Climate change is not a problem we can leave for future generations to solve. The catastrophic consequences of climate change are already here as more frequent and intense natural disasters and extreme weather destroy livelihoods, intensify violent conflicts, and uproot people from their homes.
Climate change refers to the warming of the Earth by more than two degrees Fahrenheit since the late 1800s. There is overwhelming evidence that this warming is caused by human activity, particularly the increased burning of fossil fuels such as coal, gas and oil, which releases greenhouse gases into the atmosphere.
The Earth’s temperature could continue to rise by as much as 10 degrees Fahrenheit over the next century, warn the scientists who make up the Intergovernmental Panel on Climate Change (IPCC).
Global warming makes extreme weather—such as heat waves, droughts, and hurricanes—more frequent and more intense. Rainy or dry seasons may become less predictable, farmland may be transformed into desert, and rising sea levels may inundate communities.
Rising temperatures and changing rainfall patterns are also likely to exacerbate the spread of disease.
Learn more in our climate change explainer.
Climate change has the biggest impact on people already living in crisis. The extreme weather events sparked by climate change combine with existing conflicts or other humanitarian emergencies to make life even more difficult for those in crisis-affected communities.
For example, as Afghanistan continues to grapple with decades of conflict and economic turmoil, over a million people remain displaced due to natural disasters.
And whenever a crisis strikes, women and girls suffer disproportionately: Climate-related crises are no exception.
Read more about how climate change drives humanitarian crises.
The IRC helps communities respond to the changing climate by mapping climate hazards and developing early warning systems, supporting local efforts to manage natural resources and conserve water, and training people in sustainable livelihoods.
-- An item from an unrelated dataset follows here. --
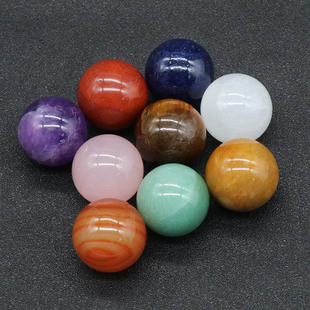 20mm无孔圆球天然石头紫水晶虎眼，粉晶玛瑙圆珠摆件装饰散珠把玩件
Throughout all this work, we put the needs of women and girls at the centre of our programmes.
We also partner with other organisations to advocate for policy changes to drastically reduce greenhouse gas emissions and lessen the effects of climate change on people with the least power and fewest resources.
In addition, the ambitious IRC climate action plan has set us on a course to change how we work in order to reduce our own carbon footprint.
Urge your elected officials to commit to tackling climate change, keeping in mind people in the poorest countries, who will suffer disproportionately. Many people in these countries are uprooted from their homes and farmlands, and vast regions face famine because of climate change. The climate crisis can also mean that the risk of armed conflict over resources increases.
World leaders must do more and work faster to reach their countries’ climate goals, reduce carbon emissions, and contribute toward restoring nature in line with the Paris Agreement goals.